Два портрета8 Дошедшие до нас два портрета подтверждают ее репутацию одной из самых красивых женщин своего времени. Мы не можем сказать, насколько безымянные художники идеализировали ее, но в обоих случаях мы видим точеные черты лица, прекрасные руки, пышные каштановые волосы, которые очаровывали баронов и биографов. Однако эти картины едва ли раскрывают перед нами истинную привлекательность молодой королевы - ее бодрый дух, ее "смеющийся рот", ее проворную речь, ее свежий энтузиазм, ее способность к доброте и дружелюбию, ее жажда привязанности, ее безрассудное восхищение сильными мужчинами.

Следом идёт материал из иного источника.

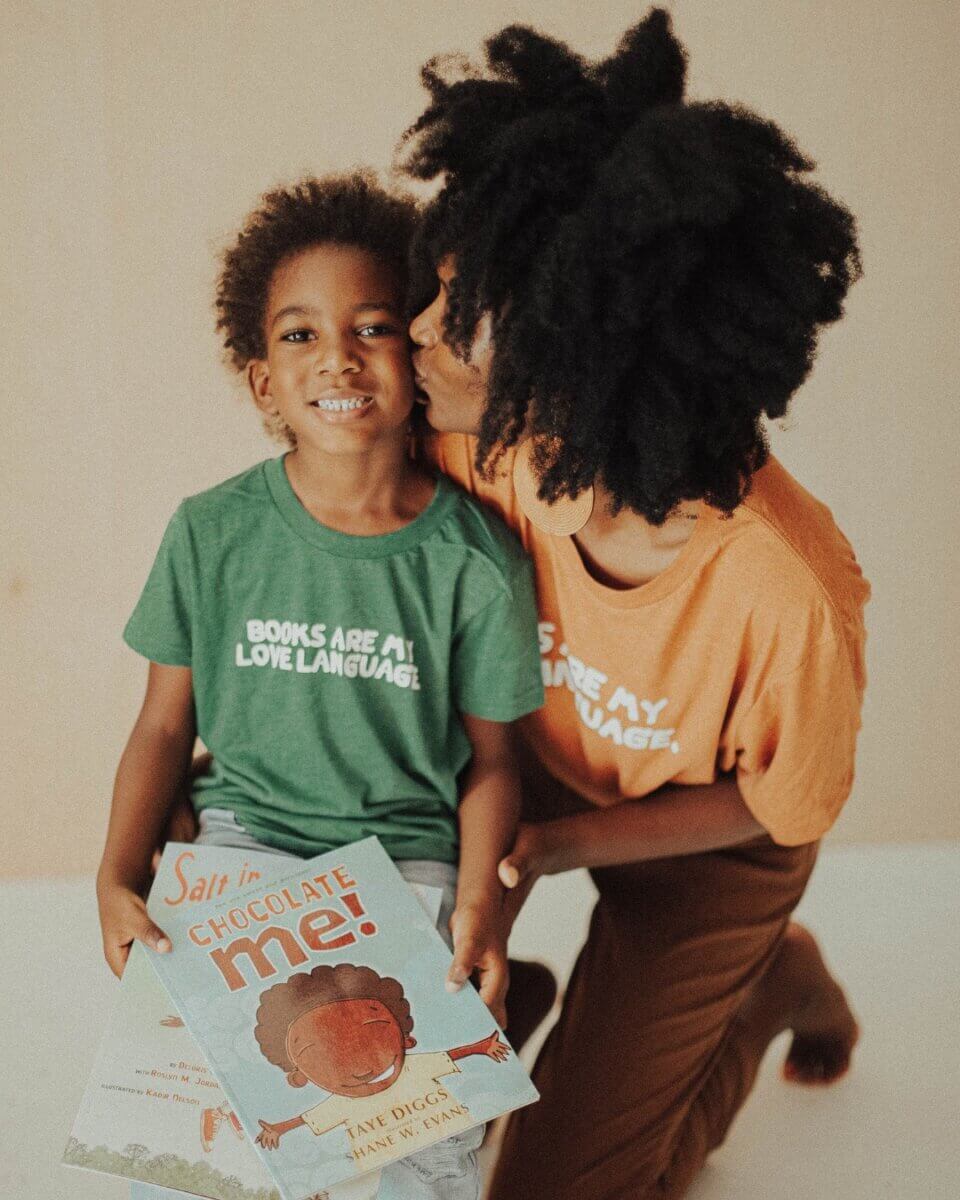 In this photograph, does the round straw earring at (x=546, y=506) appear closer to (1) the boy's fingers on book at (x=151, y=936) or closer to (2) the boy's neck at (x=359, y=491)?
(2) the boy's neck at (x=359, y=491)

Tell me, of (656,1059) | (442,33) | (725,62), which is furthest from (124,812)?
(725,62)

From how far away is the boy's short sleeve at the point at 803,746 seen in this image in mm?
1014

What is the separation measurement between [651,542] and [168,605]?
0.42 m

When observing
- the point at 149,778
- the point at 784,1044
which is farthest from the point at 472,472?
the point at 784,1044

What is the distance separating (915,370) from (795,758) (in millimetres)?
743

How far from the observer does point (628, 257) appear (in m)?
0.79

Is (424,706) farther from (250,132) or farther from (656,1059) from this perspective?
(250,132)

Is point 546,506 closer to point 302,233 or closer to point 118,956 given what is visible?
point 302,233

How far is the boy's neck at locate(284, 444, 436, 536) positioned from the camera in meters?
1.04

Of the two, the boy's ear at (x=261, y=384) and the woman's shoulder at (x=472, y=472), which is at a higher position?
the boy's ear at (x=261, y=384)

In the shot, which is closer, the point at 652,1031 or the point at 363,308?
the point at 363,308

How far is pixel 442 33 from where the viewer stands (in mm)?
1383

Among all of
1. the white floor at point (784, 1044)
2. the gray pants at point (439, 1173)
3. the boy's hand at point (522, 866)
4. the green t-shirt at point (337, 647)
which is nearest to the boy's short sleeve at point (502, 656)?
the green t-shirt at point (337, 647)

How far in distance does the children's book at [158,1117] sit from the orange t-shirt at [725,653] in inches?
17.4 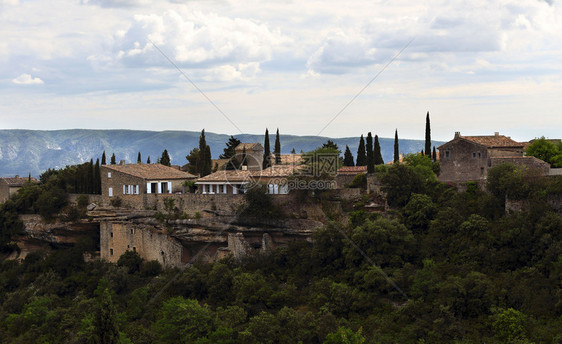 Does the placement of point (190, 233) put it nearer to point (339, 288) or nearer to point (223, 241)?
point (223, 241)

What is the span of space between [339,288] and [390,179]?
994 cm

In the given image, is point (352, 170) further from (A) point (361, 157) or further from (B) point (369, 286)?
(B) point (369, 286)

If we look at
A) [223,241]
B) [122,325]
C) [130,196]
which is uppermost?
[130,196]

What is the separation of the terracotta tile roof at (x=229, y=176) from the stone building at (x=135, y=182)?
3.88m

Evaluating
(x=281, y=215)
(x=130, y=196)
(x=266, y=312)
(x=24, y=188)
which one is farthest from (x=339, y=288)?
(x=24, y=188)

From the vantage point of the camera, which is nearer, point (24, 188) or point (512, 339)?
point (512, 339)

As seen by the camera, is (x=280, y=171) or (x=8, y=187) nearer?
(x=280, y=171)

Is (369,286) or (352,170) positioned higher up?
(352,170)

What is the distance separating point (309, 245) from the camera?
47.4 meters

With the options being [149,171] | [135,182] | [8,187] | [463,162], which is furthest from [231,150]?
[463,162]

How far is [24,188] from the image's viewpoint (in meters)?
59.5

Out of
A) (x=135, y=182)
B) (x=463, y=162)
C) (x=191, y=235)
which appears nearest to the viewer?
(x=463, y=162)

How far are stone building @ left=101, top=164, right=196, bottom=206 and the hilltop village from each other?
5.5 inches

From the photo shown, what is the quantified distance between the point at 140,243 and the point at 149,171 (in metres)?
7.04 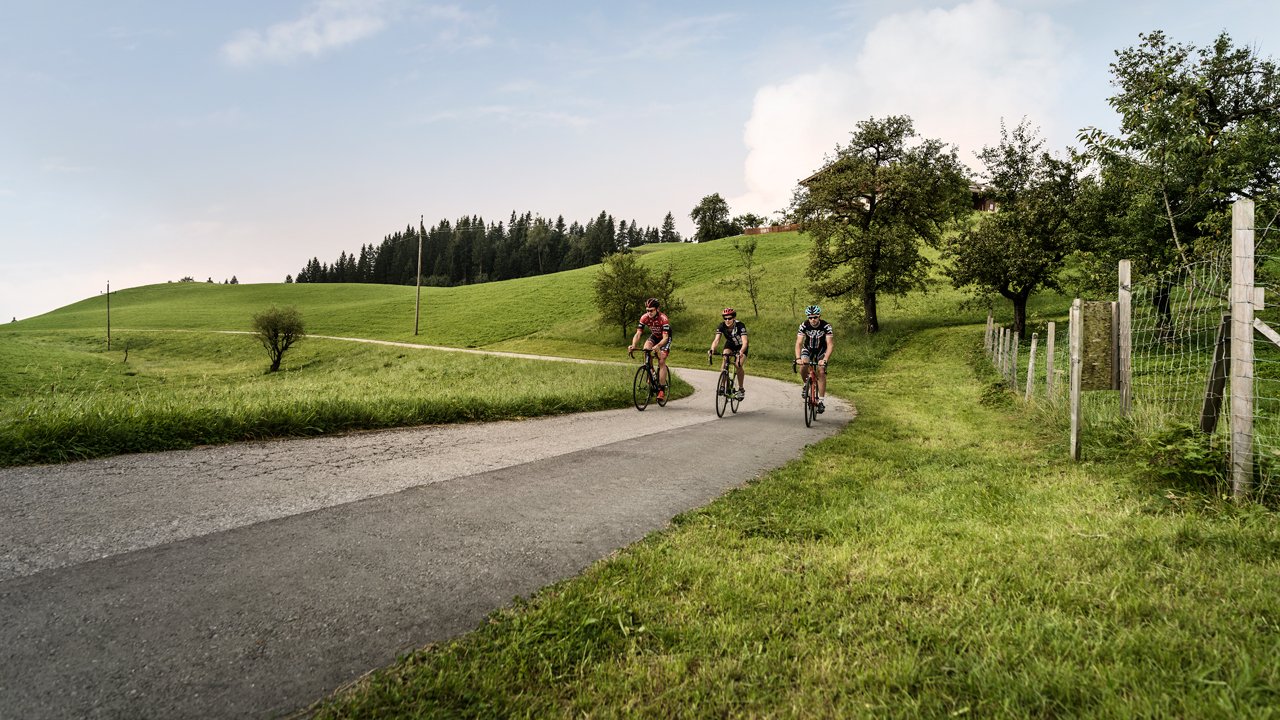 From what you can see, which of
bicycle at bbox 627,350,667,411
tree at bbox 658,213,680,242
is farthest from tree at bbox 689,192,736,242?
bicycle at bbox 627,350,667,411

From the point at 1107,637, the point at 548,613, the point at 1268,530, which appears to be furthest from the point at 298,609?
the point at 1268,530

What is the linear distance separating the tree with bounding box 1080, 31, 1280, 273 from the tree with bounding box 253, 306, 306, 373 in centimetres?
4638

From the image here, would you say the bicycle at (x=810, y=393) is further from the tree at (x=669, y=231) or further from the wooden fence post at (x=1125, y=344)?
the tree at (x=669, y=231)

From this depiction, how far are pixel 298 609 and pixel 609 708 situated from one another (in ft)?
6.74

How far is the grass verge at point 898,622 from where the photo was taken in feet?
8.95

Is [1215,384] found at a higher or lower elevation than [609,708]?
higher

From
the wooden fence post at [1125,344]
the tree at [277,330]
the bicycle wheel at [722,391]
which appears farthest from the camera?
the tree at [277,330]

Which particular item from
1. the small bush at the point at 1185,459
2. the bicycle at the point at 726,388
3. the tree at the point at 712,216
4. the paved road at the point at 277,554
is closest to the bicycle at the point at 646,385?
the bicycle at the point at 726,388

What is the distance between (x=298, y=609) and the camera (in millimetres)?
3557

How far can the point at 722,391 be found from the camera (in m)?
13.2

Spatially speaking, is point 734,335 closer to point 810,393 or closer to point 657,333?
point 657,333

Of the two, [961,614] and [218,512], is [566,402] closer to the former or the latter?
[218,512]

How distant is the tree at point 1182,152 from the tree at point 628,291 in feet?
79.4

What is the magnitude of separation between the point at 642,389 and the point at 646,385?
6.5 inches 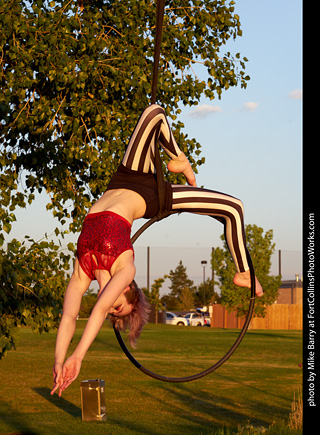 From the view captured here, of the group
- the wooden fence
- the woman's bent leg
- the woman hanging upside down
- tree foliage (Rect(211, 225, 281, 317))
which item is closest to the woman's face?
the woman hanging upside down

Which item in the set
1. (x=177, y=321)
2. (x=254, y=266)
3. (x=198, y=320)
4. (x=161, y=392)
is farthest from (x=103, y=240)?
(x=198, y=320)

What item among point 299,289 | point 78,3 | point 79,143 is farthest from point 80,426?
point 299,289

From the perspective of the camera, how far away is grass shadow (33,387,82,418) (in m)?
20.6

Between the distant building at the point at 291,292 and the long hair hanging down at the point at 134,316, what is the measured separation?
65.9 meters

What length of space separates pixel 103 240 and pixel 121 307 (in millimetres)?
575

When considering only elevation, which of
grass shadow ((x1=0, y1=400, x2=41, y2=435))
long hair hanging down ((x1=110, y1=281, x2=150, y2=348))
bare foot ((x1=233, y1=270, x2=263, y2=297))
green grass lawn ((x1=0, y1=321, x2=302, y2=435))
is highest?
bare foot ((x1=233, y1=270, x2=263, y2=297))

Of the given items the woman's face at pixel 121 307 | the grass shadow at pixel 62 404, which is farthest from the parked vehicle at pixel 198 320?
the woman's face at pixel 121 307

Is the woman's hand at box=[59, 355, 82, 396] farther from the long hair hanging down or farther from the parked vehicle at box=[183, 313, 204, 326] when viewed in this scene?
the parked vehicle at box=[183, 313, 204, 326]

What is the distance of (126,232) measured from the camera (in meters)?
3.92

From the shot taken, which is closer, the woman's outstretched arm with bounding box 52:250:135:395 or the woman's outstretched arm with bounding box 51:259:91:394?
the woman's outstretched arm with bounding box 52:250:135:395

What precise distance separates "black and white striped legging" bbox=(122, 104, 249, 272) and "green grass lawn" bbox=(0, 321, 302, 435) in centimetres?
1322

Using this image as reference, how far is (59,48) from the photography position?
32.7ft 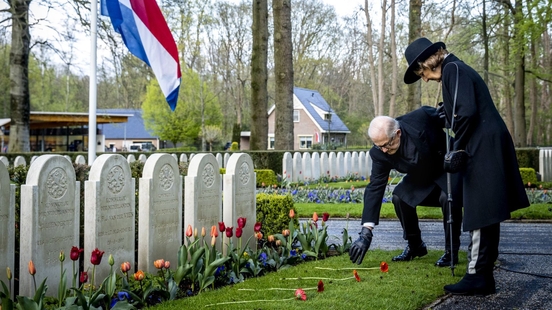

Ее трагедия заключалась в том, что она хотела быть не только королевой, но и женщиной - ощущать все тепло романтики, не отказываясь от привилегий правления. Она думала о себе в терминах рыцарских сказаний - о гордых, но нежных красавицах, одновременно целомудренных и чувственных, способных на пылкую тоску и чувствительные страдания, на нежную жалость, неподкупную верность и мужество, поднимающееся при опасности. Она была искусной наездницей, бесстрашно перепрыгивала заборы и рвы, без устали и жалоб переносила тяготы походов. Но ни физически, ни психически она не была готова к роли королевы. Она была слаба во всем, кроме нервной бодрости, подвержена обморокам, похожим на эпилепсию, и какой-то недиагностированный недуг часто мешал ей, причиняя боль.9 Она не обладала мужским интеллектом Елизаветы. Она часто была умна, но редко мудра; не раз она позволяла страсти разрушить дипломатию. Временами она проявляла удивительное самообладание, терпение и такт, а затем снова давала волю горячему нраву и острому языку. Она была проклята красотой, не одарена умом, и ее характер стал ее судьбой.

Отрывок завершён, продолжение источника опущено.